[[ Data listing, beginning ]]

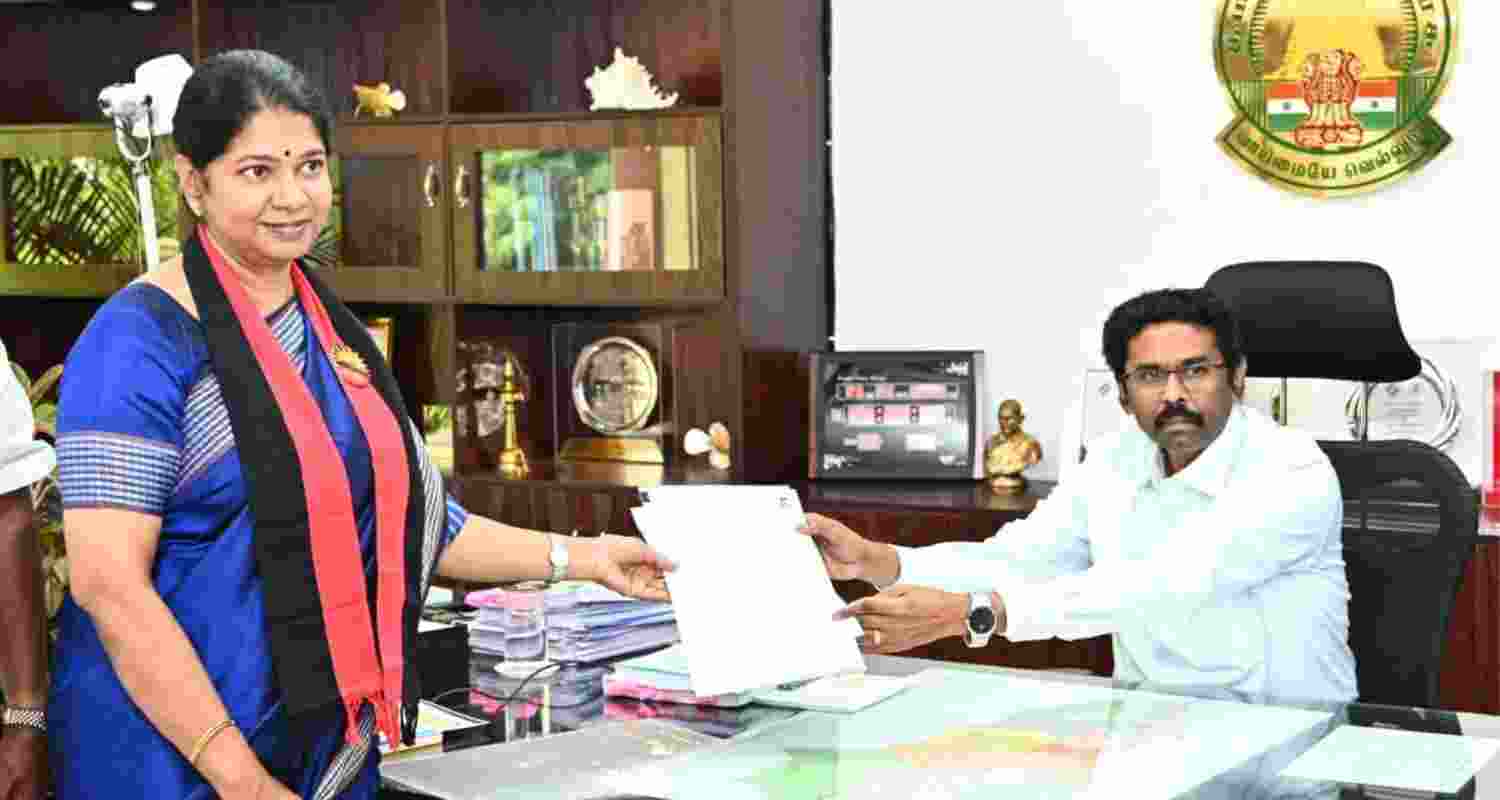 Kanimozhi files nomination to contest from DMK.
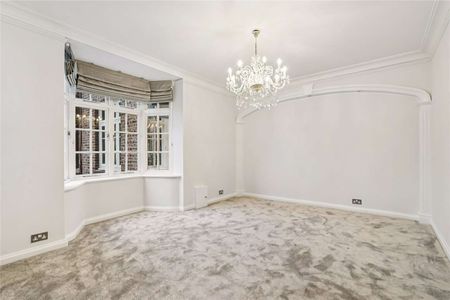 A newly redecorated three bedroom apartment situated in a desirable building with the added benefits of communal gardens and porter service. - Photo 3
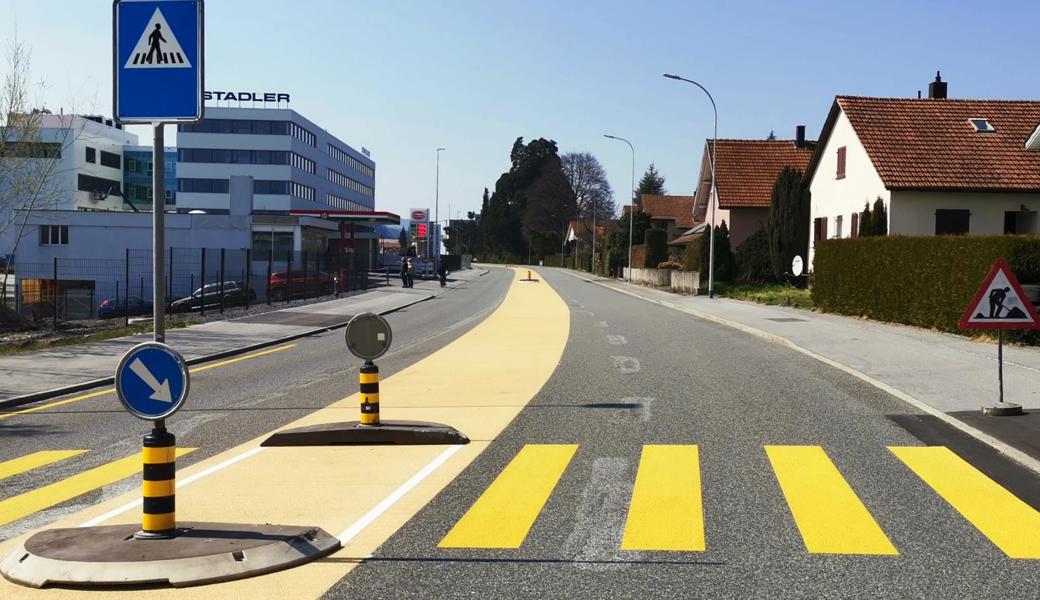 Noch kann man sehen, wo bis vor Kurzem die zweite Fahrbahn verlief.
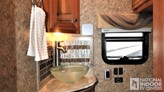 bottom-slider-img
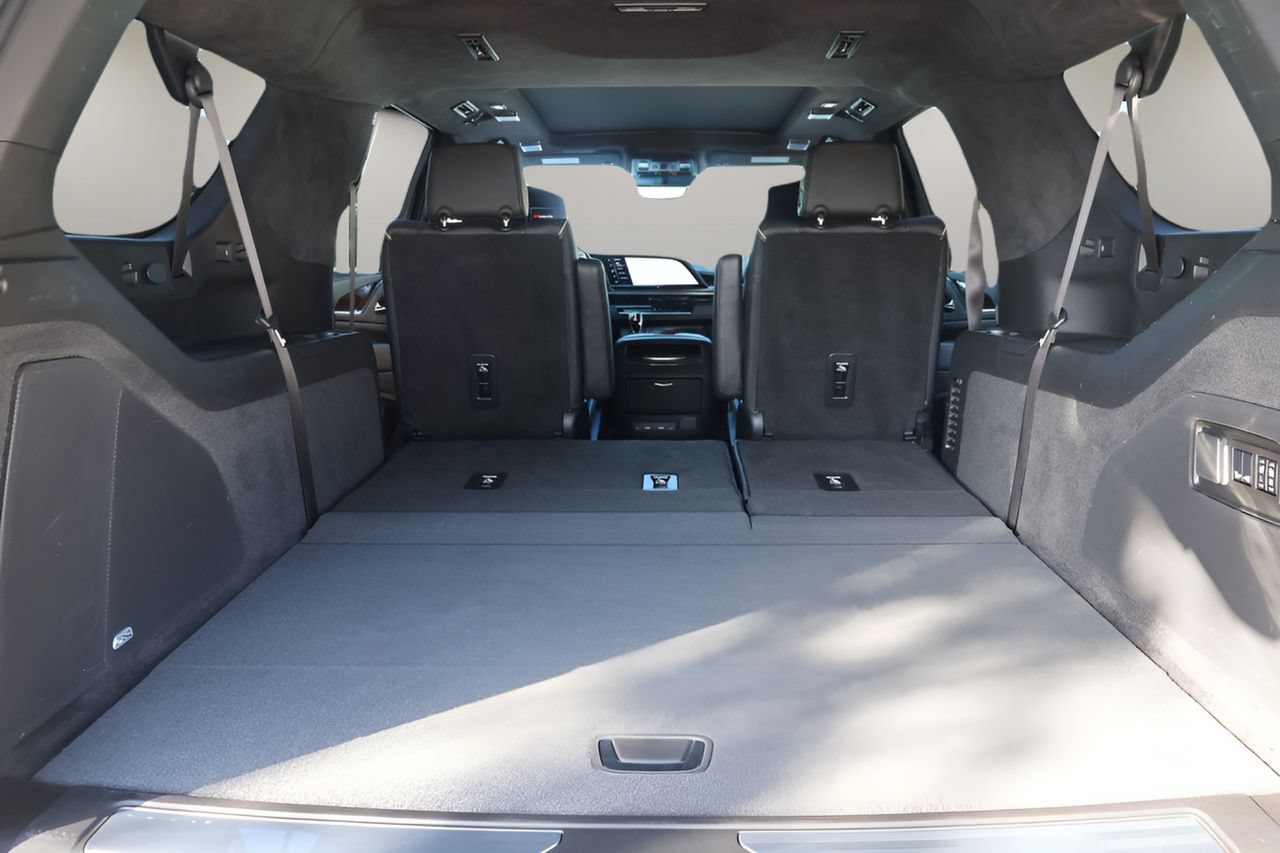 Certified 2024 Cadillac Escalade ESV Sport Platinum w/ LPO, ONYX Package AWD/4WD image 22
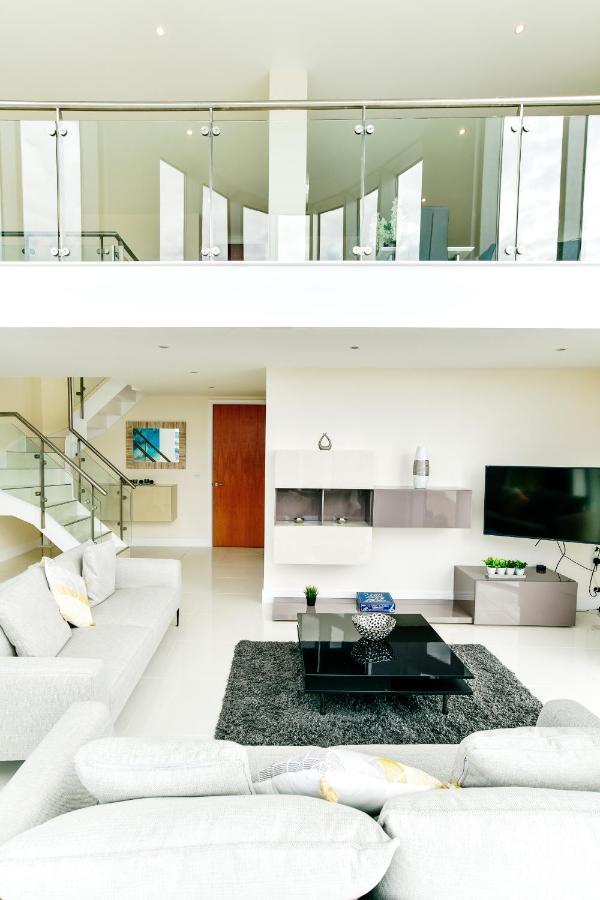 Just Wales - Meridian Quay Penthouses *
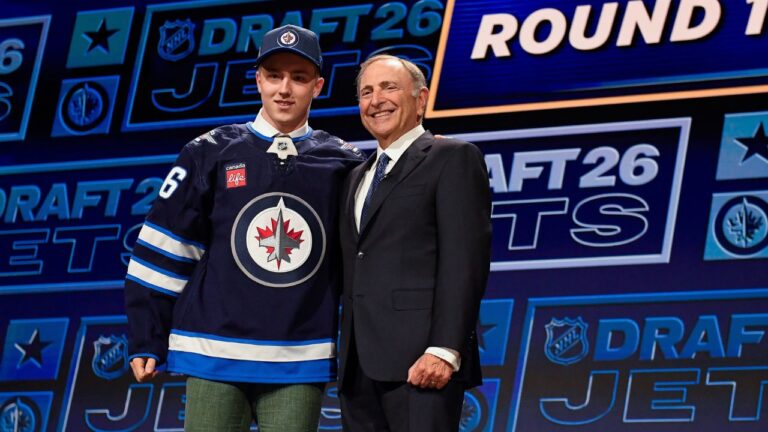 Jets sign first-rounder Viggo Bjorck to entry-level contract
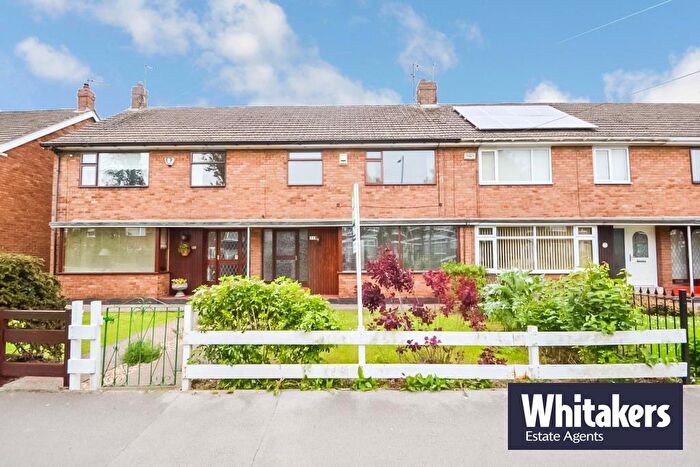 3 Bedroom Terraced House To Rent In Lambwath Road, Hull, HU8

[[ Data listing, end ]]

→ **Your objective**:
Reprint the entries above exactly, images removed.

→ **Answer box**:
 Kanimozhi files nomination to contest from DMK.
 A newly redecorated three bedroom apartment situated in a desirable building with the added benefits of communal gardens and porter service. - Photo 3
 Noch kann man sehen, wo bis vor Kurzem die zweite Fahrbahn verlief.
 bottom-slider-img
 Certified 2024 Cadillac Escalade ESV Sport Platinum w/ LPO, ONYX Package AWD/4WD image 22
 Just Wales - Meridian Quay Penthouses *
 Jets sign first-rounder Viggo Bjorck to entry-level contract
 3 Bedroom Terraced House To Rent In Lambwath Road, Hull, HU8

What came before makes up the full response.